Previous work in this area by CJL 3,4 has shown that patients with a significant or unmanageable burden are more likely to be uninsured and to be under the age of 65. The higher oopc experienced by breast cancer patients has not been investigated in as great detail as it has been here. Hence, this work adds additional insights to this body of literature.
Gaps remain in the understanding of why breast cancer patients have higher expenditures than are seen with other common tumours. Breast cancer patients are predominately female, and yet, in the regression analysis, sex was not a good predictor of oopc. We do note that insurance coverage is a factor: it remained in the final regression model for this analysis as it did in earlier publications. We note that people under the age of 65 are less likely to have comprehensive coverage because many health programs are not covered through the public purse until a person reaches the age of 65, and this factor likely plays an important role.
Despite the fact that breast cancer patients have a higher average income, they may also be more affected by the loss of income associated with their illness and the resulting impact on their lifestyle. This impact may account for the more frequent reports of significant or unmanageable burden. The observation of higher costs for devices and family care is likely influenced by the fact that women with breast cancer are more likely than are patients with any of the other tumour types to invest in items such as wigs and prostheses. The explanation for lower travel and parking costs may be related to the fact that breast cancer patients travel shorter distances on average (45.7 km vs. 59.0 km) and, over a period of 30 days, make fewer trips to the primary clinic (6.4 trips vs. 10.8 trips). Clearly, additional studies are required to more completely understand the factors that influence oopc across tumour types.

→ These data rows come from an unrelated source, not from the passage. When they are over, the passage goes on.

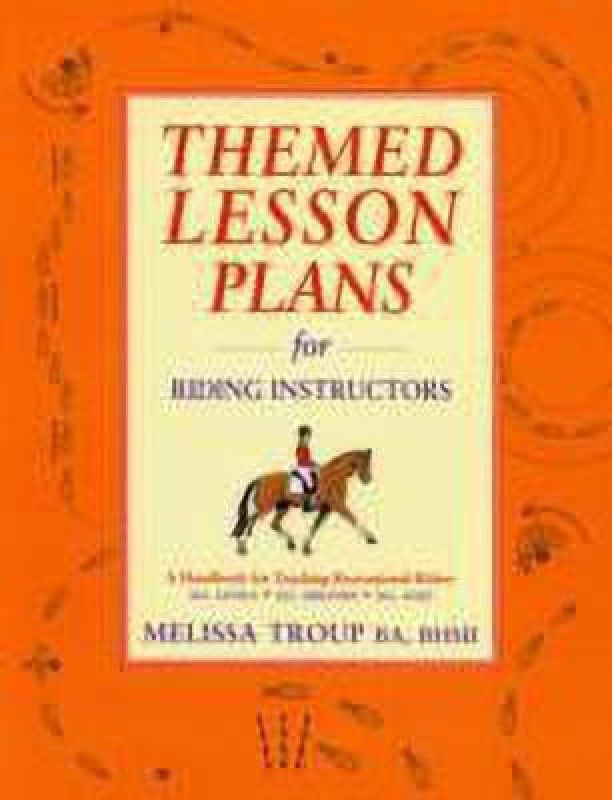 Themed Lesson Plans for Riding Instructors  (English, Paperback, Troup Melissa)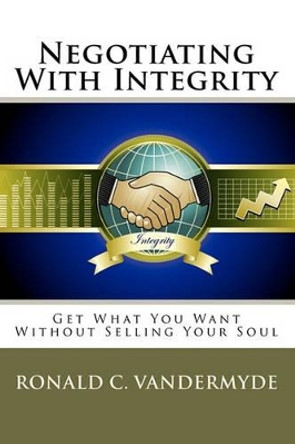 Negotiating With Integrity: Get What You Want Without Selling Your Soul by Ronald C Vandermyde 9781450505833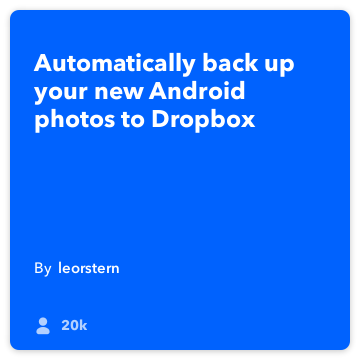 IFTTT Oppskrift: Backup mine Android-bilder til Dropbox kobler Android-bilder til Dropbox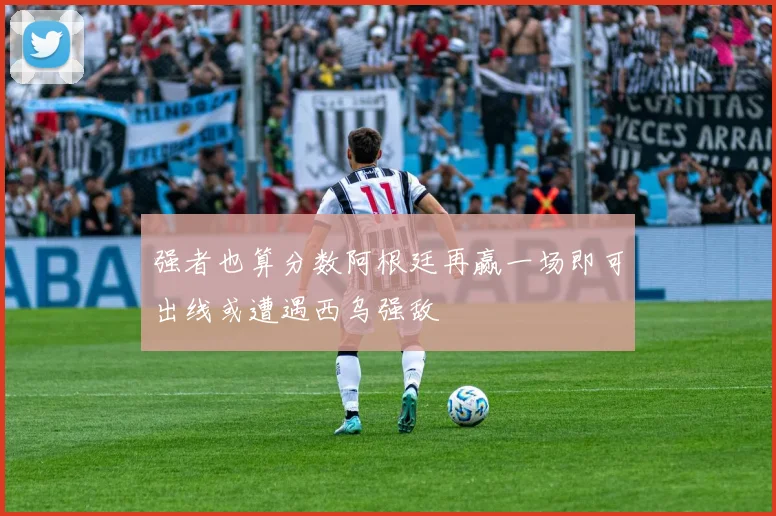 强者也算分数阿根廷再赢一场即可出线或遭遇西乌强敌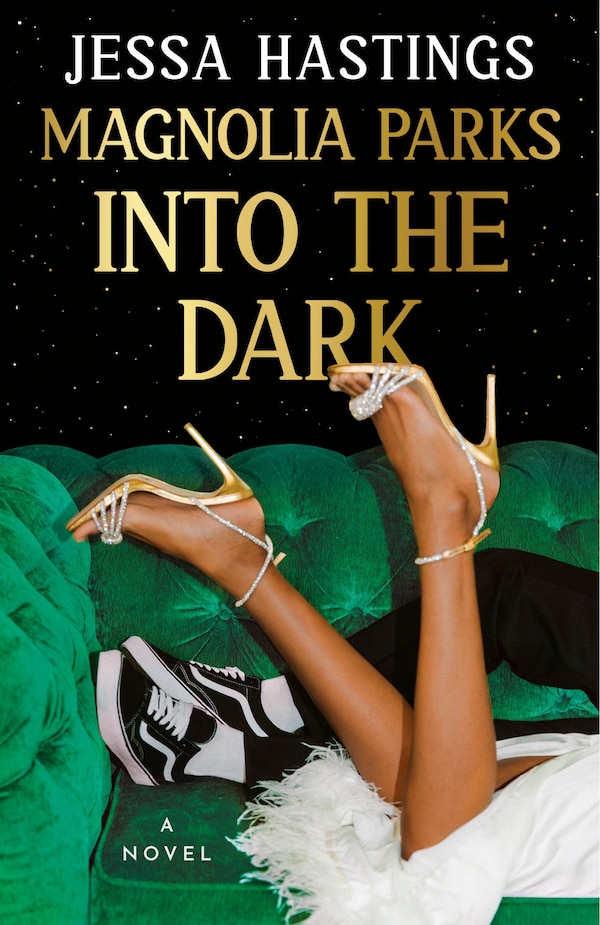 Magnolia Parks: Into the Dark by Jessa Hastings, Paperback | Indigo Chapters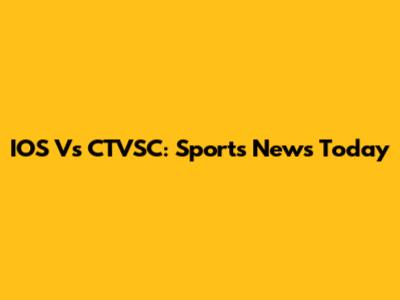IOS Vs CTVSC: Sports News Today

The present research has a number of limitations worth highlighting. The literature suggests that patients tend to underreport their use of health care resources 11,12, and therefore the costs reported here are likely to be a lower bound. The data for all tumour types was highly skewed, because a significant number of patients had no costs in many of the categories. In many cases, a relatively small population with very high costs influenced the mean—a common occurrence in the health care costing data seen in other published literature 13. Although we considered transforming the costing data, we felt that transformation would reduce the transparency of the results. More-sophisticated methods (for example, retransformation or bootstrap methods) could potentially have been used to address the skewness of the data, and we recognize that not undertaking these more sophisticated techniques could be considered a limitation of our analysis.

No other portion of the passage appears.